Cordilleran Section (104th Annual) and Rocky Mountain Section (60th Annual) Joint Meeting (19–21 March 2008)

Paper No. 7
Presentation Time: 10:40 AM

DETRITAL ZIRCON LINKAGES BETWEEN SE SIBERIA AND SW NORTH AMERICA


SEARS, James W., Geosciences, University of Montana, Missoula, MT 59812, MACLEAN, John S., Geology, Southern Utah University, Department of Physical Science - SC 309, 351 West University Boulevard, Cedar City, UT 84720, CHAMBERLAIN, Kevin R., Dept. of Geology and Geophysics, University of Wyoming, 1000 E. University Ave., Dept 3006, Laramie, WY 82071, KHUDOLEY, Andrei, Geology, St Petersburg State University, University nab. 7/9, St. Petersburg, 199034, Russia and PROKOPIEV, Andrei, Tectonics, Diamond and Precious Metal Geology Institute, 39, Lenin Avenue, Yakutsk, 677980, Russia, johnmaclean@suu.edu

A reconstruction of Mesoproterozoic supercontinent Nuna joins SW North America basement terranes to matching ones in SE Siberia and places the Death Valley lower Pahrump Group against strikingly similar and correlative rocks of the Sette-Daban basin of SE Siberia. Mesoproterozoic Uy Group sandstones of the Sette-Daban basin contain large percentages of detrital-zircon grains that correlate with Grenville, Granite-Rhyolite, and Mojave-Yavapai-Mazatzal terranes. Furthermore, gaps in Uy Group detrital-zircon ages coincide with age gaps in SW North American source rocks. Paleocurrents indicate that the Uy Group sandstones were derived from outboard of the Siberian craton to the SE, consistent with sediment sources in SW North America. By contrast, post-breakup Neoproterozoic and younger sandstones in the Sette Daban and Death Valley regions contain mutually exclusive detrital-zircon age suites that only correlate with basement sources on their respective cratons. This indicates that the cratons were too isolated for sedimentary processes to transfer zircon-bearing sand between them. SE Siberia and SW North American both exhibit grand cycles that evidently record correlative Neoproterozoic and Cambrian eustatic sea level changes phased with passive continental-shelf subsidence.

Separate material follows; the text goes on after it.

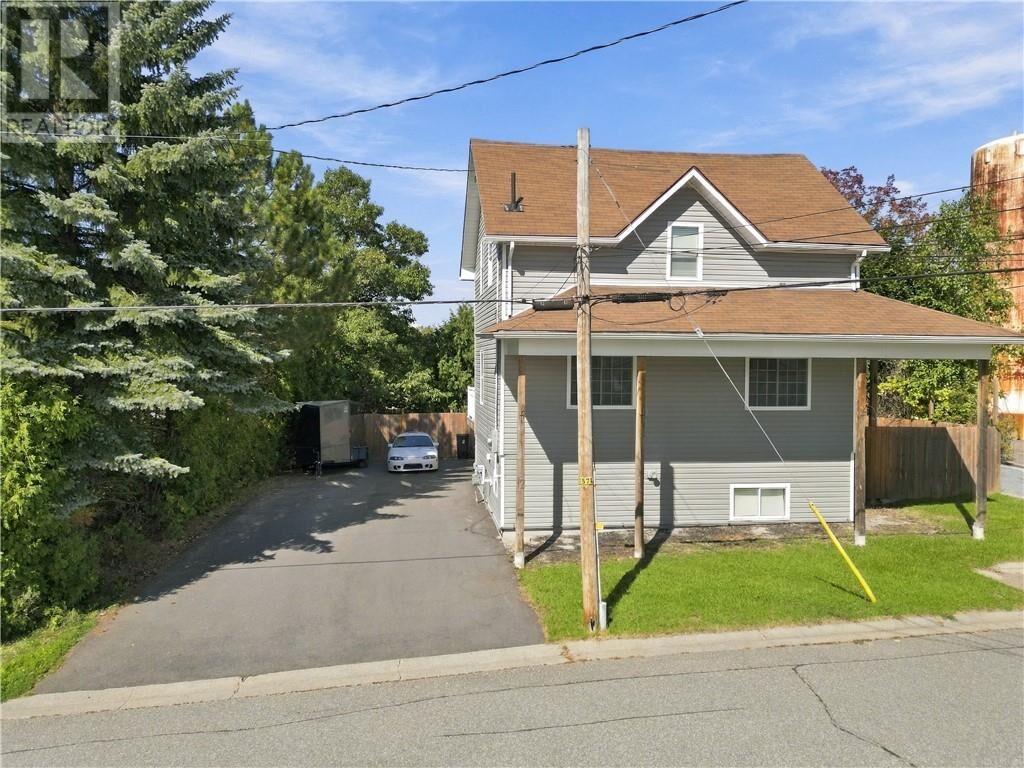 Property Photo:  2 Evans Road  ON P0M 1N0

We conclude that by Early Cambrian time, separation of the SE Siberian and SW North American cratons along a rift-transform system was sufficient to isolate segments of their rift margins from intercontinental sediment mixing. Clastic sediment from North America was trapped in kms-thick deposits on its new western continental shelf, but the Siberian shelf was largely covered with carbonate and received only limited sand from its interior. The orientations of faults would allow Siberia to rotate clockwise around Canada on margin-parallel transform faults toward late Paleozoic collision with the Ural Mountains. The ocean basin that opened between the diverging continents may have cradled explosive Early Cambrian metazoan evolution. Trilobites might have originated in Siberia and migrated to nearby North America within 2 m.y. Widening of the ocean basin may have increased evolutionary branching rates as animal populations became isolated on the diverging continents and Early Cambrian transgressions across the continental shelves created more faunal habitat.